The upper halls were already shifting with the quiet movement of elites heading to Tactical Hall Seven. I passed Rank 6 and Rank 9 talking in low clipped tones. They fell silent when I approached.

Whispers didn’t bother me.

Suspicion did.

The hall opened into a descending corridor lined with reinforced glass, overlooking the indoor aerial sector where drones were being prepped. Two instructors monitored entry, scanning every trainee who passed through the arch.

One of them, Captain Ives, tracked my approach with the calculating stare of someone who never forgot a face or a mistake.

“Arden,” he said as I crossed the scanner field.

“Sir.”

His gaze lingered a second too long on my wristband. “Report says you exited combat drills early.”

“I was dismissed by Instructor Vale,” I said evenly.

He watched my expression, looking for a twitch, a lie, a weakness.

He didn’t find one.

“Proceed.”

Inside, Tactical Hall Seven was a wide, circular chamber with descending rows of metal benches facing a projection wall. Rank 1 through 15 were already filtering in, taking their places without speaking.

I took a seat near the far end of the second row.

I didn’t look up when he entered.

But the room changed.

Ronan walked in with the kind of silence that made noise seem disrespectful. He didn’t scan the rows; he didn’t need to. His presence pressed against the perimeter like heat against glass, warping oxygen, bending attention.

He didn’t sit. He stood near the center aisle, hands in his pockets like he might get bored and leave.

But his gaze; calm, it found me anyway.

Not for long.

Two seconds. Maybe less.

It was enough.

A murmur passed through the room, quickly killed when Major Thane entered from the side access.

The briefing began immediately.

“Off-site drills begin at dawn. Field teams will deploy to Ashfall Ridge for surveillance, extraction training, and live-environment combat assessments.”

Ashfall Ridge. Perfect.
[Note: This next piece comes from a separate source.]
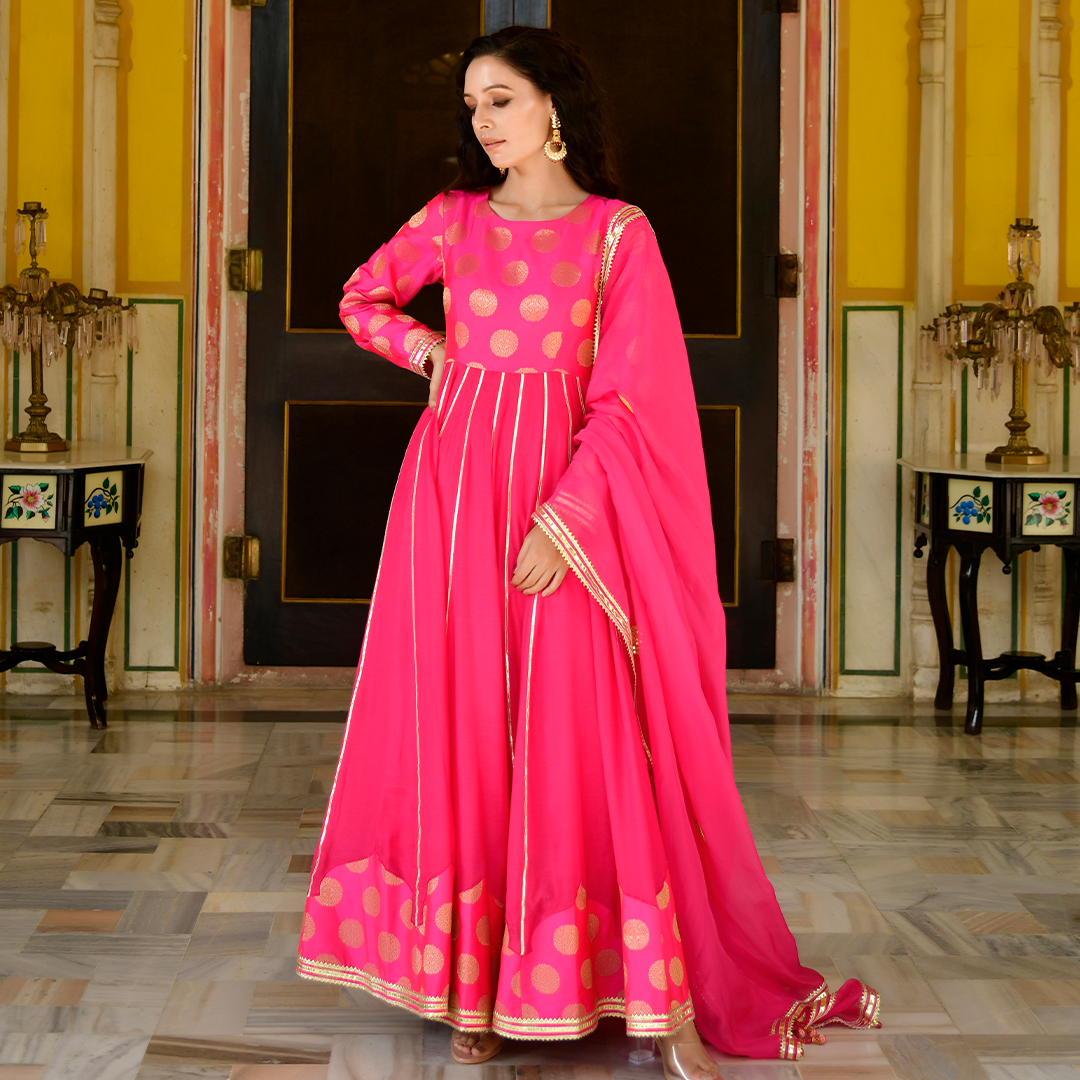 Rani Pink Threadwork Anarkali Suit – Label Madhuri Thakkar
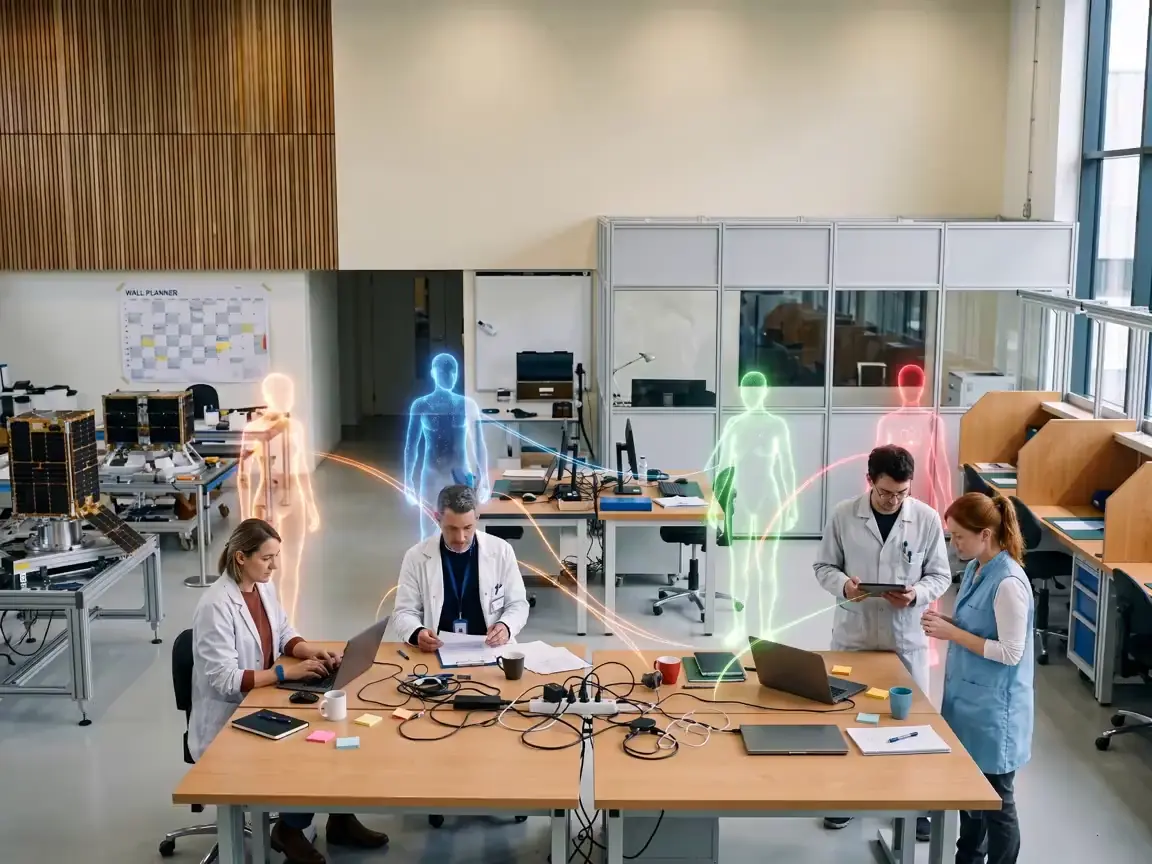 A busy workspace where work passes between several people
The territory beyond academy walls where feral hybrids roamed and unstable packs warred in the shadows.

Home to illegal trade routes, abandoned bases, and border patrols that shot first and didn’t bother asking questions after.

No controlled scents there.

No collar safety nets, No walls.

I kept my breathing even.

Major Thane continued, flicking through digital maps on the projection wall. “Top fifteen will be split into five units. Team assignments will be posted tonight. Transportation leaves at 0500 hours.”

He spoke logistics, risk levels, supply protocols, injuries, death rates. None of it mattered.

One thing did.

I couldn’t share a camp with someone who’d already sensed what I was.

If Ronan ended up on my team, I wouldn’t have twenty-four hours before everything shattered.

The briefing ended with military precision. Dismissal came without room for questions.

I stood.

So did he.

The crowd moved toward the exits in careful clusters, each rank pretending not to measure the others. I thought I could slip out ahead, vanish into the flow and disappear into my room until lights-out.

I was six steps from the door when the air shifted again.

Someone stepped into my path.

Not Ronan.

Kade Rowan.

A Rank 7. Too observant earlier, Too curious now.

His eyes flicked once to my throat, then the rest of my face.

“You look like hell.”

“I didn’t ask.”

He smirked. “You never do. That’s why I’m saying it.”

I moved to sidestep him.

He shifted to block again.

“You should know,” he said quietly, “they’re already whispering about today’s fight. And not about the outcome.”

My bones went still beneath my skin.

He lowered his voice further. “Something was off. They don’t know what. But they felt it.”

I didn’t blink. “If you’re looking for a rumor to chase, find a weaker target.”

“I don’t chase rumors,” he said. “I survive them.”

Then his gaze cut briefly to someone behind me.

I didn’t turn.

I didn’t need to.

I could feel Ronan’s focus like a wire pulled taut between my spine and his hand.

Kade shifted aside. “See you at dawn, Arden.”

I walked out without looking back.

The hall felt colder than before.

The suppressant still held.

But my mask?

It was starting to strain.

And Ronan hadn’t even touched it yet.